Return verbatim every line from the first line of the data below to the line that contains "Плуг John Deere 2012", inclusive, and no further.

Records for this exercise below:

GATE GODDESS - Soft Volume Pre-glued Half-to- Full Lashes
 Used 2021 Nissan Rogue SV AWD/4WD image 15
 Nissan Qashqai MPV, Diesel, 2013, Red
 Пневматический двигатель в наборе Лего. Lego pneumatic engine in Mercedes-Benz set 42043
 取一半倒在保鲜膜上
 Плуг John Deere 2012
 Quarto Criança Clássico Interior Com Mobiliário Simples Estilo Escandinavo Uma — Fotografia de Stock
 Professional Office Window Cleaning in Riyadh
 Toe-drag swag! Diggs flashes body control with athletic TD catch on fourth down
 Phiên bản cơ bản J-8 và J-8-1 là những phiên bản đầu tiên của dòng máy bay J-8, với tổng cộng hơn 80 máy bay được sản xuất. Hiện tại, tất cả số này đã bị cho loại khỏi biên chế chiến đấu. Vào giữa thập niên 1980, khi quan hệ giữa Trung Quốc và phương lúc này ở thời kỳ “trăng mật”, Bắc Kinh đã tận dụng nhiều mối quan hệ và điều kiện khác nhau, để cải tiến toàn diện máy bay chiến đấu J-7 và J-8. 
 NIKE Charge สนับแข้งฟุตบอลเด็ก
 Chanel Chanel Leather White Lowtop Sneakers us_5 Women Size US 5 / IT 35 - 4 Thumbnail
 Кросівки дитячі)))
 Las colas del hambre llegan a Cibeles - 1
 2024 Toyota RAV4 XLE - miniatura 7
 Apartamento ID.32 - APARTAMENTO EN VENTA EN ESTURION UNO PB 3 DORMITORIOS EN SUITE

End of Records for this exercise.

Output below
GATE GODDESS - Soft Volume Pre-glued Half-to- Full Lashes
 Used 2021 Nissan Rogue SV AWD/4WD image 15
 Nissan Qashqai MPV, Diesel, 2013, Red
 Пневматический двигатель в наборе Лего. Lego pneumatic engine in Mercedes-Benz set 42043
 取一半倒在保鲜膜上
 Плуг John Deere 2012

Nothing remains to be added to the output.